There has been growing concern across Africa by activists and policymakersalike around the question of land rushes (especially after the 2007-2008 land rush) often framed as “land grabs” (see Oya 2013b, Dieng 2017), and their implications for local communities. This “global land rush”n,emerged in the turbulent context of socioeconomic and political transformations. While the drivers, scale and actors in this renewed interest in land (and labour) are still contested, a body of knowledge interested in its differentiated impact and outcomes, as well as political reactions to these deals, is still growing (Hall et al 2015). It is important for us to consider however that land deals “do not occur in a socio-economic or political vacuum” (Oya 2013b: 1550). They are interventions connecting capital with labour with previous and ongoing dynamics of place-making resulting in uneven, unfinished processes of social change. Not only do land deals re-shape the places in which they
occur, they are also an expression of capitalist expansion across the globe. Feminist, postcolonial and decolonial scholars have contributed to acknowledging that mainstream models with their limited interpretation of ‘the economic’ are grounded in gendered cultural values and norms, though the recognition of this has been late and partial (Barker et al 2003, Pollard et al 2011, Zein-Elabdin 2016).
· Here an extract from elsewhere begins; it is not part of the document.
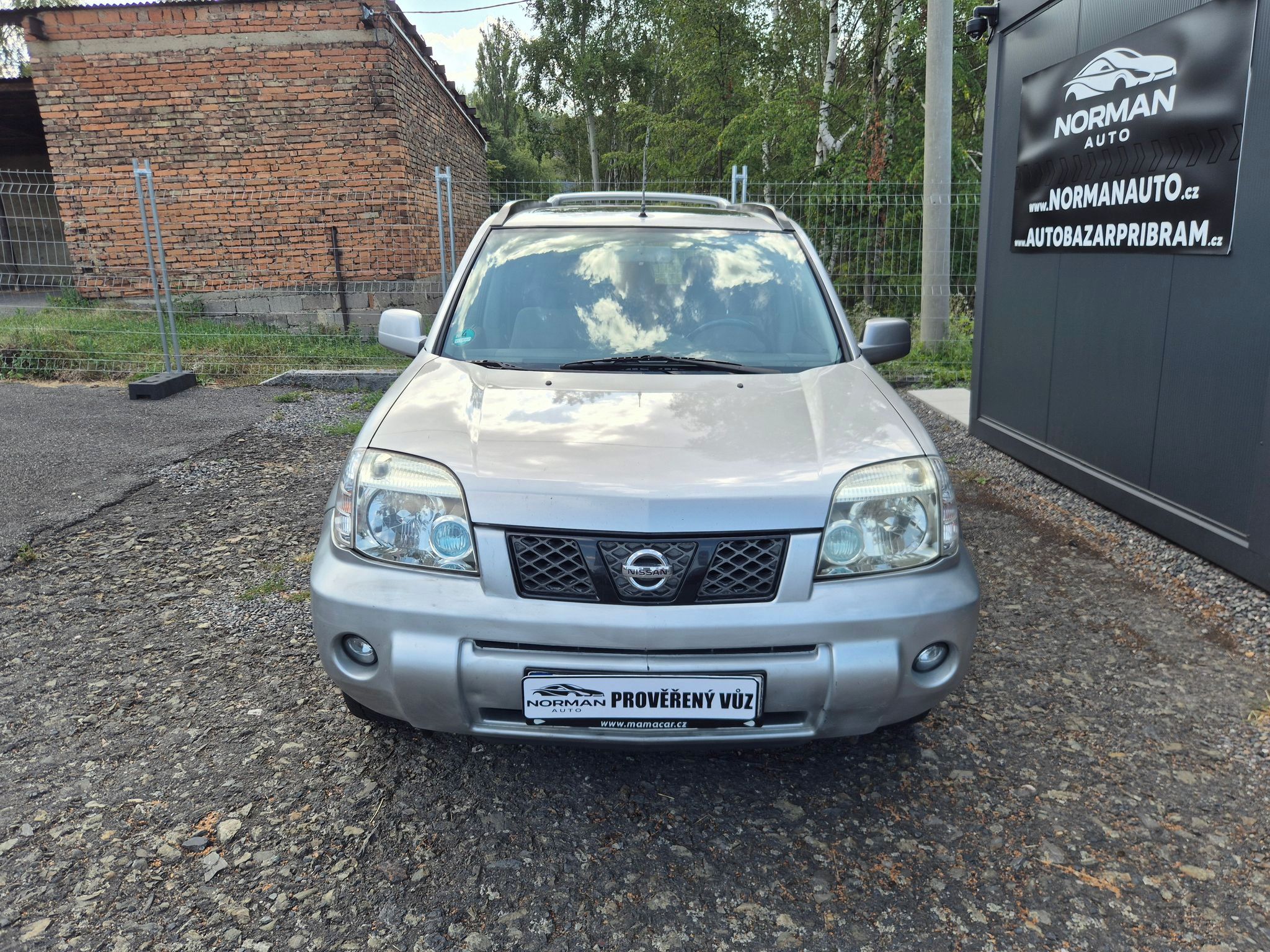 Nissan X-Trail, 2.2dCi 100kW 4x4, tažné, webas - fotka 2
This article compares two case studies¹: an export horticulture estate and a scheme funded by an international financial institution in communities based in the delta of the river, in Northern Senegal. These communities are experiencing the boom of commercial horticultural farming and rural labour markets after the 2007-2008 land rush whose effects sediment with and build on previous dynamics of social differentiation. In this article, I challenge the tendency to over-focus on either narratives emphasizing dualisms such as ‘insiders vs outsiders’ or prioritising economic (and gendered) outcomes of ‘land grabs’.